Data in this exercise START

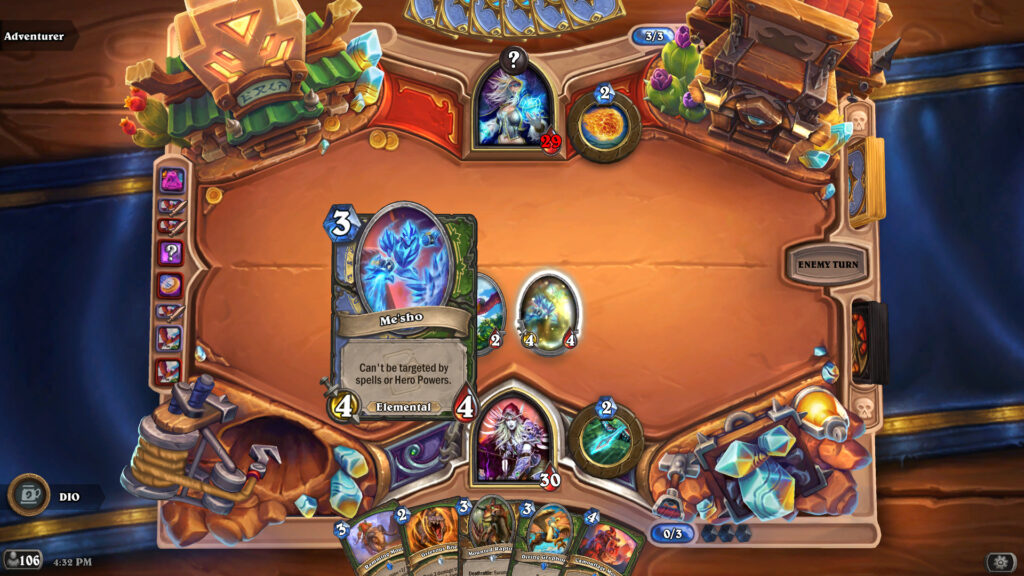 Me'sho was summoned with the Elemental Companion spell 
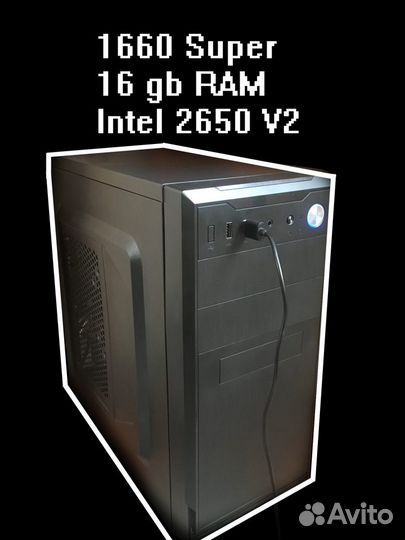 Компьютер 1660s/16gb/2650v2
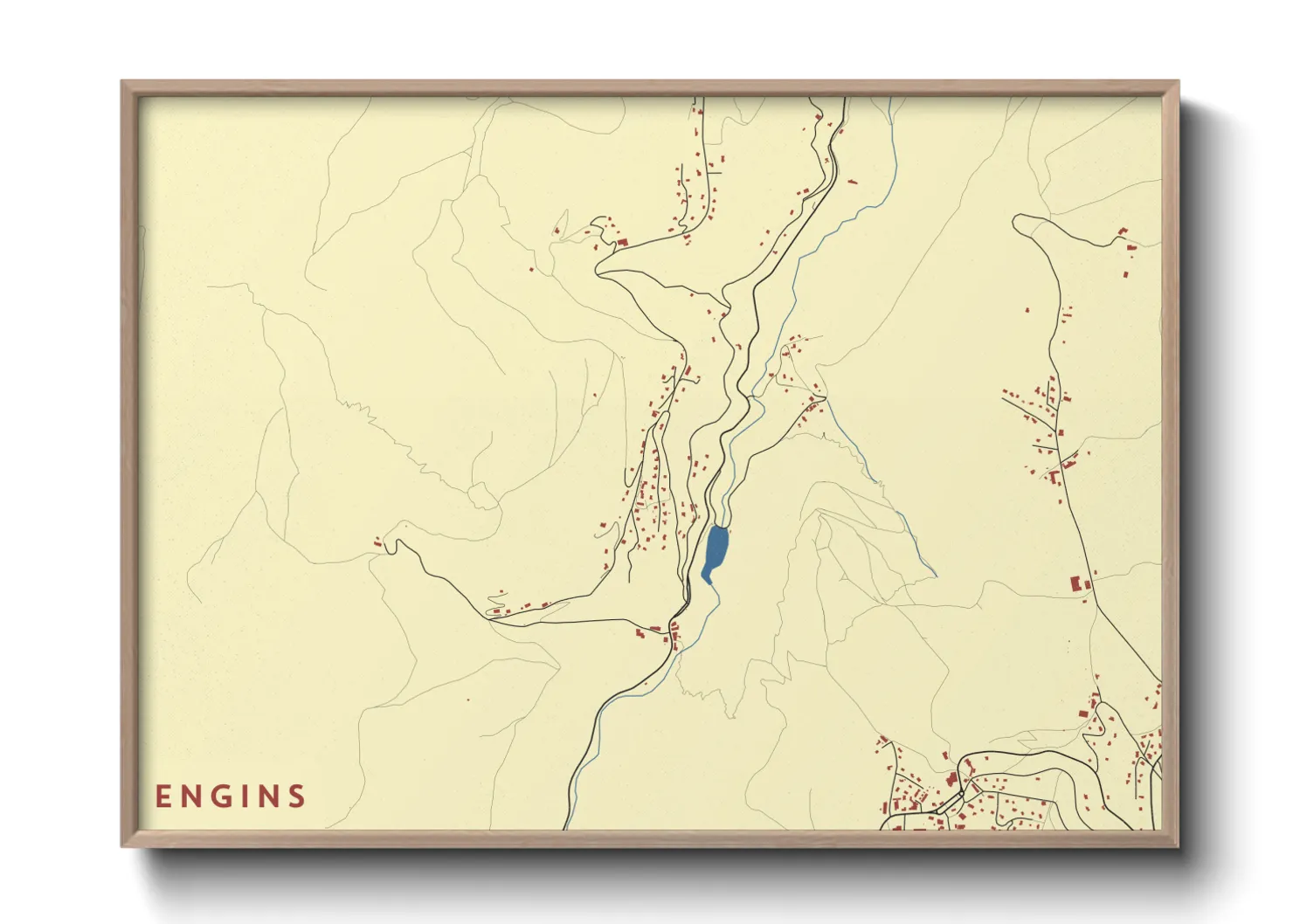 Une affiche de carte sur Engins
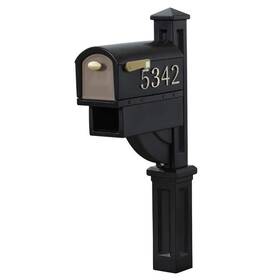 Step2 744110387735 Mailmaster Hudson Mailbox Post Black Heavy Duty Newspaper Holder Mount Large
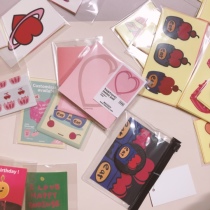 Delta Split South Korea Mazzzzy Peach Hearts Aheart Sticker Packs Mobile Phone Hand Ledger Decorative material ins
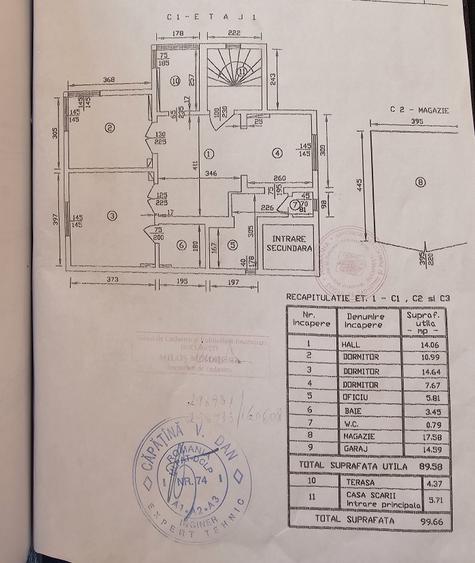 Apartament cu 3 camere semidecomandat în Cotroceni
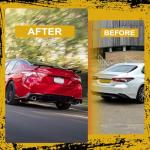 GGsmdick Camry Rear Spoiler Compatible with 2018-2022 8th Gen Camry LE SE XLE XSE TRD ABS Rear Trunk Spoiler Wing, Rear Trunk Highkick Spoiler Wing Lip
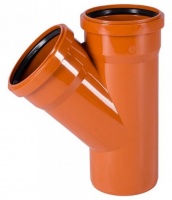 Тройник для наруж. канализации KGEM Ostendorf 160/160*45 Германия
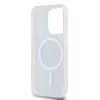 DKNY PC/TPU Repeat Pattern Tonal Stripe Magsafe tok iPhone 14 Pro Max készülékhez fekete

Data in this exercise END

#### What is being asked
Where the line containing "GGsmdick Camry Rear" appears above, start there and set down each line exactly through the last line of the data; leave out every picture.

#### Response area
 GGsmdick Camry Rear Spoiler Compatible with 2018-2022 8th Gen Camry LE SE XLE XSE TRD ABS Rear Trunk Spoiler Wing, Rear Trunk Highkick Spoiler Wing Lip
 Тройник для наруж. канализации KGEM Ostendorf 160/160*45 Германия
 DKNY PC/TPU Repeat Pattern Tonal Stripe Magsafe tok iPhone 14 Pro Max készülékhez fekete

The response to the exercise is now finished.